#### YOUR GOAL
Your answer should repeat every line of the records below in which the word "Picture" appears.

#### AVAILABLE DATA

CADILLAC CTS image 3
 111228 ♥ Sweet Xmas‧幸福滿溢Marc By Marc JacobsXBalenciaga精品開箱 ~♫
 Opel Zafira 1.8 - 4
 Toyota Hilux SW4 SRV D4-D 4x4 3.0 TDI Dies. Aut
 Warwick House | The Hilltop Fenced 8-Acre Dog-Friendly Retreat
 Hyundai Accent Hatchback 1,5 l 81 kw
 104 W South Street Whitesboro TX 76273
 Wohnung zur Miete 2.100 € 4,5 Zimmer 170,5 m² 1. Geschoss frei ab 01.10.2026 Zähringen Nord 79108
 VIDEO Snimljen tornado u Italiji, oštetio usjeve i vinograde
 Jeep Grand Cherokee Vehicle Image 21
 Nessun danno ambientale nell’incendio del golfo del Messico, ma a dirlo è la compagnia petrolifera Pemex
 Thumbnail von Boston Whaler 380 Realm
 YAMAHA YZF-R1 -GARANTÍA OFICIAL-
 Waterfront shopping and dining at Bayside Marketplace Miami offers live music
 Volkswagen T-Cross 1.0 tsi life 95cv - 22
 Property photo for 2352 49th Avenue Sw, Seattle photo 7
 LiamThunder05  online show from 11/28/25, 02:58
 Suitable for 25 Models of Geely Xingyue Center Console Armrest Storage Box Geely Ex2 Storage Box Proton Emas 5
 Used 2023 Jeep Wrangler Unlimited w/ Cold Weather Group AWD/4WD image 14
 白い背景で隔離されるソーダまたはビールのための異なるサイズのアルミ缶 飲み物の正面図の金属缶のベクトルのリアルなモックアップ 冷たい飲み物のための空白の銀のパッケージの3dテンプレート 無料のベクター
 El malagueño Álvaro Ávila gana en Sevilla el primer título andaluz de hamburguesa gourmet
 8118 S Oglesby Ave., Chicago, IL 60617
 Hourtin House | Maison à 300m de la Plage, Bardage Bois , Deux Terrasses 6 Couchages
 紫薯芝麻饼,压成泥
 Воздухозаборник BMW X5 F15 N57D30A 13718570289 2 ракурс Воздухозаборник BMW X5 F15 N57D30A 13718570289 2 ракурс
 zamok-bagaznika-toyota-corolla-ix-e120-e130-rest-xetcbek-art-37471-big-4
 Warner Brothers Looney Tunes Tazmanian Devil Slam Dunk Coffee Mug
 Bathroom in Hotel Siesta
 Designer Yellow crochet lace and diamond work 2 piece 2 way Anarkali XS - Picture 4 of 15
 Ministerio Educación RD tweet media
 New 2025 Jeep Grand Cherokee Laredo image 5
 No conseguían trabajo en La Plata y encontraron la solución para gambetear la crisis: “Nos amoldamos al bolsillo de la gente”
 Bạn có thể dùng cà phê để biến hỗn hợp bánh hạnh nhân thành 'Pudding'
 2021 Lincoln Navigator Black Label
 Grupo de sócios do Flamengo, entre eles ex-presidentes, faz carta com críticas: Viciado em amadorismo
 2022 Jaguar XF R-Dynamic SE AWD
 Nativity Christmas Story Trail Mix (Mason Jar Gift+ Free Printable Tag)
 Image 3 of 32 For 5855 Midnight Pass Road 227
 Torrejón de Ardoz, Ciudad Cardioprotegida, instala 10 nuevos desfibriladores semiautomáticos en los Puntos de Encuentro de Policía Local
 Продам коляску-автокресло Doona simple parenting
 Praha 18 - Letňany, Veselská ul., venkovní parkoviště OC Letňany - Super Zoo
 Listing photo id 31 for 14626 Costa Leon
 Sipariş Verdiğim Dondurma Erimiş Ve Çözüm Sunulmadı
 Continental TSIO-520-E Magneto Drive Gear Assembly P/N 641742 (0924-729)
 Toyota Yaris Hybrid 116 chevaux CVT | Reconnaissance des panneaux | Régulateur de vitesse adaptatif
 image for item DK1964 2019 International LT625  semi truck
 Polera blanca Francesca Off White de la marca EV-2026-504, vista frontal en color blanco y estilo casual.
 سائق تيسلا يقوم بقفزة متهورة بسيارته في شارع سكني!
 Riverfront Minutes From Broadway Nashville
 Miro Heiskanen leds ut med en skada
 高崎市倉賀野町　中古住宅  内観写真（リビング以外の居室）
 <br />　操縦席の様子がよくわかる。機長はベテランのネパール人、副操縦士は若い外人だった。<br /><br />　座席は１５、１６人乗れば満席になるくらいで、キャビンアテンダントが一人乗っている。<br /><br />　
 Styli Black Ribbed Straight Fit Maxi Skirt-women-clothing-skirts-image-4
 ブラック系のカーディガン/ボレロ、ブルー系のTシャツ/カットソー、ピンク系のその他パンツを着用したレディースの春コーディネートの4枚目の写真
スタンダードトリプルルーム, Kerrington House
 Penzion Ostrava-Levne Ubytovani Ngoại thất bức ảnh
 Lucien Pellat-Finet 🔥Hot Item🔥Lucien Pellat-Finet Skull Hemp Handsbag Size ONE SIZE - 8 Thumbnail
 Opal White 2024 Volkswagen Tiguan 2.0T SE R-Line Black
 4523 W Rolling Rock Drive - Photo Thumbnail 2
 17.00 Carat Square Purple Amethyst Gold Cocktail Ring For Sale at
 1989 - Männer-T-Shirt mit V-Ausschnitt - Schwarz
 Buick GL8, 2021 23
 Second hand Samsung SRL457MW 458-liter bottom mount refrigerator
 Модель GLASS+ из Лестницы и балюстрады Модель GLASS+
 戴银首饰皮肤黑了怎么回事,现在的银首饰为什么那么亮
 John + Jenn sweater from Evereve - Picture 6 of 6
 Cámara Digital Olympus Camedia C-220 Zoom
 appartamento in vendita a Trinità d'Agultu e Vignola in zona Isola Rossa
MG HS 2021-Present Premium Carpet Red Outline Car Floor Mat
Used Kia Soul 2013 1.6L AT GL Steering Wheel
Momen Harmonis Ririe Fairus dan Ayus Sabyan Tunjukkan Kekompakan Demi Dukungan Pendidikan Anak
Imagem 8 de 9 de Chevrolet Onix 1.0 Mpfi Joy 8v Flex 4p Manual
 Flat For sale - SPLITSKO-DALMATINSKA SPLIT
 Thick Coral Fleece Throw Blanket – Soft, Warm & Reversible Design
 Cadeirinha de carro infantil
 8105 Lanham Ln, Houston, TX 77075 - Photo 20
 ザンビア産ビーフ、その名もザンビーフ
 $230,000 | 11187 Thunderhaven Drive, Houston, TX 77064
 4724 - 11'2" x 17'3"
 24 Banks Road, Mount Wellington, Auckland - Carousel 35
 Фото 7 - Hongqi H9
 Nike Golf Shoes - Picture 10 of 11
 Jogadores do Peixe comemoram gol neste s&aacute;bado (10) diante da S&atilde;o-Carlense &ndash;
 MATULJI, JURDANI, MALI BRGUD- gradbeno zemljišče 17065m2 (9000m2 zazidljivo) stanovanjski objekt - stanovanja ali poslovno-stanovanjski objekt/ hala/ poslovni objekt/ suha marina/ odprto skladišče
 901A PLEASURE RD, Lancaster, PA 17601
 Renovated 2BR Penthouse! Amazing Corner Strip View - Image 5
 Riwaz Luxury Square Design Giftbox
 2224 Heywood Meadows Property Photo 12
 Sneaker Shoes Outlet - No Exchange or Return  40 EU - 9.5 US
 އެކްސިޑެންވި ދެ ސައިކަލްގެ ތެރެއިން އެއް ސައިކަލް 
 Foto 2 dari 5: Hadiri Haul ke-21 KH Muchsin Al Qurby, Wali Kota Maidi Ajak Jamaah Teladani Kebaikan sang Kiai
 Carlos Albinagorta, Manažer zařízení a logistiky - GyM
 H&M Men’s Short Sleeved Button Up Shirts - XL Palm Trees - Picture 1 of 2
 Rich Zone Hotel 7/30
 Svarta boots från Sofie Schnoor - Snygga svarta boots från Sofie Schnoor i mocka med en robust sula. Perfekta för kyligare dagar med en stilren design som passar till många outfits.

#### ANSWER SECTION
 Designer Yellow crochet lace and diamond work 2 piece 2 way Anarkali XS - Picture 4 of 15
 John + Jenn sweater from Evereve - Picture 6 of 6
 Nike Golf Shoes - Picture 10 of 11
 H&M Men’s Short Sleeved Button Up Shirts - XL Palm Trees - Picture 1 of 2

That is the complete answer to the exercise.